>>>>

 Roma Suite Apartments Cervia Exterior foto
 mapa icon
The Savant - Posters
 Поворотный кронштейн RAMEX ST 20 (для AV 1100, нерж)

<<<<
>>>>

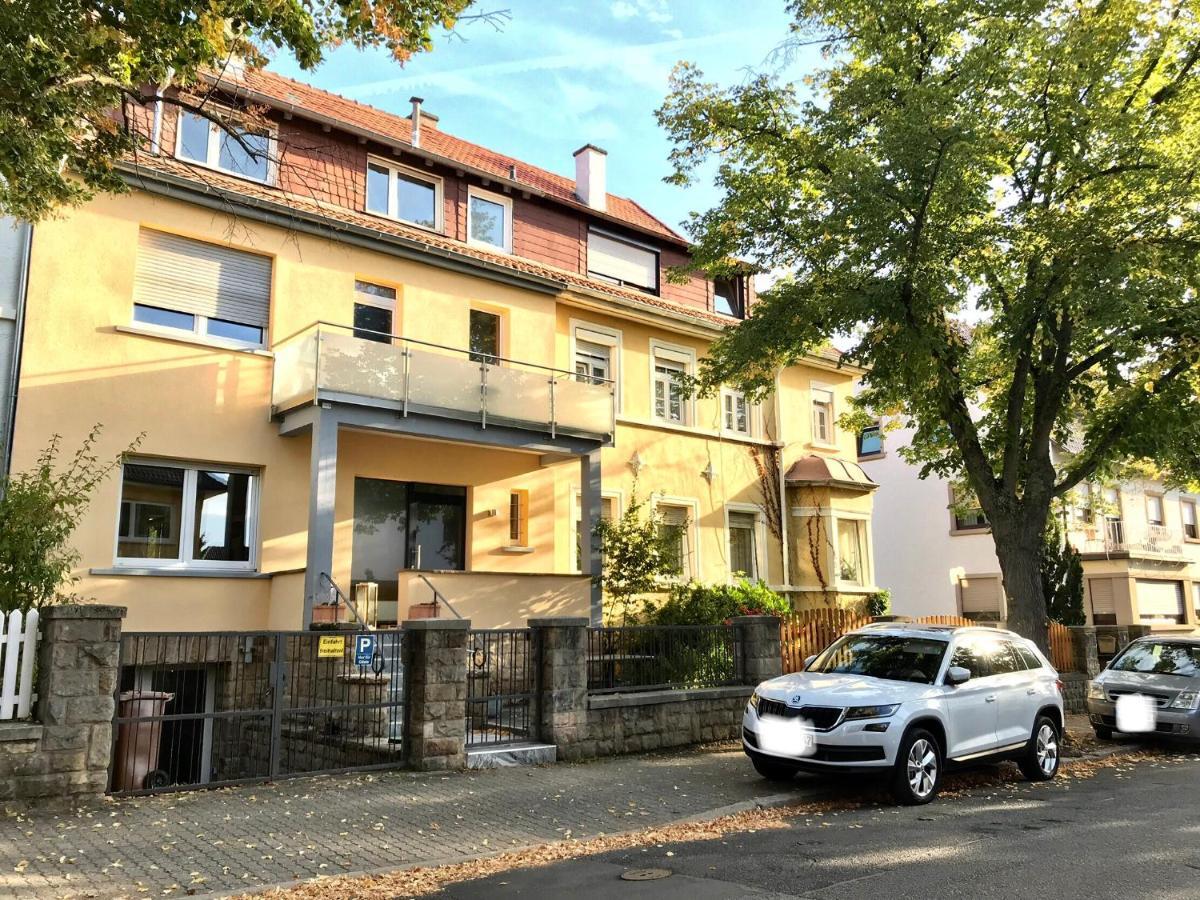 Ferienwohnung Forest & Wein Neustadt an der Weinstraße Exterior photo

<<<<

ACTIVITY -
Transcribe, exactly and without additions, the lines of the records above, beginning with the line that contains "The Savant - Posters" and ending with the line that contains "Поворотный кронштейн RAMEX", both included.

RESULT FOR THIS TASK -
The Savant - Posters
 Поворотный кронштейн RAMEX ST 20 (для AV 1100, нерж)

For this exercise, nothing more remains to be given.